[DATA UNDER STUDY]

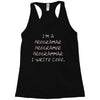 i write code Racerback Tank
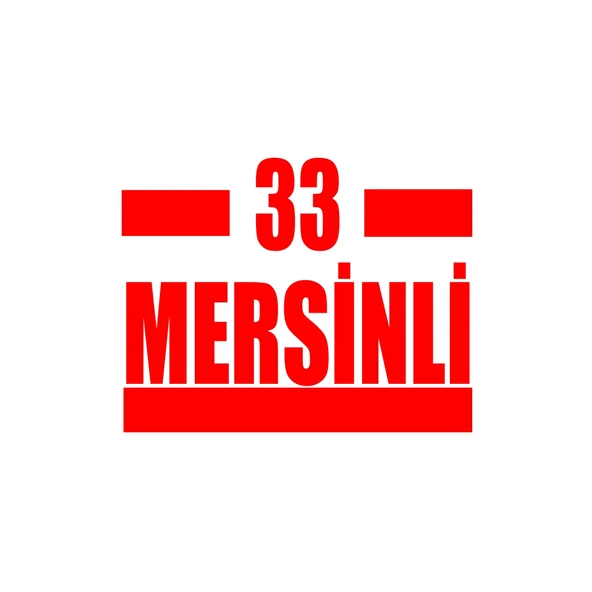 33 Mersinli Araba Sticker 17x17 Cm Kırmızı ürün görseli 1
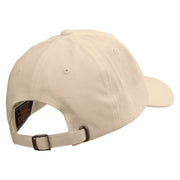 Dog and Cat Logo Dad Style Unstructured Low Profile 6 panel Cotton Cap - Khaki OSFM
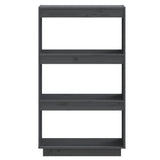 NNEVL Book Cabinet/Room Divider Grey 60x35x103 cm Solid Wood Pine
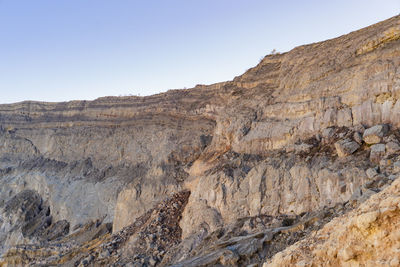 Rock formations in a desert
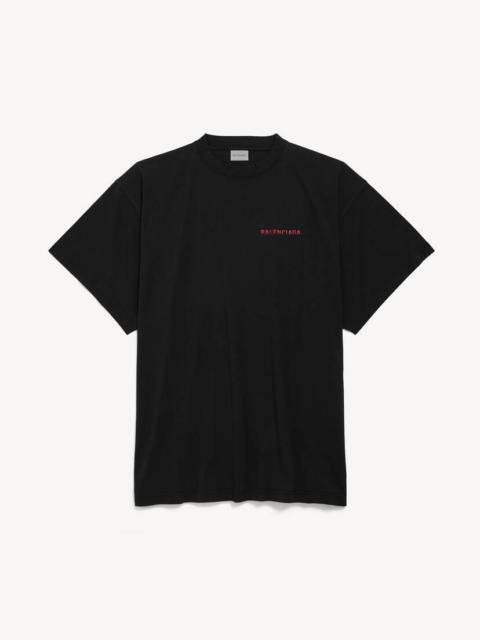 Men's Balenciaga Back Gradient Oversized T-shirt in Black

[/DATA UNDER STUDY]

● PROBLEM STATEMENT
Output nothing except an exact copy of the records above, with the images left out.

● TASK OUTPUT
 i write code Racerback Tank
 33 Mersinli Araba Sticker 17x17 Cm Kırmızı ürün görseli 1
 Dog and Cat Logo Dad Style Unstructured Low Profile 6 panel Cotton Cap - Khaki OSFM
 NNEVL Book Cabinet/Room Divider Grey 60x35x103 cm Solid Wood Pine
 Rock formations in a desert
 Men's Balenciaga Back Gradient Oversized T-shirt in Black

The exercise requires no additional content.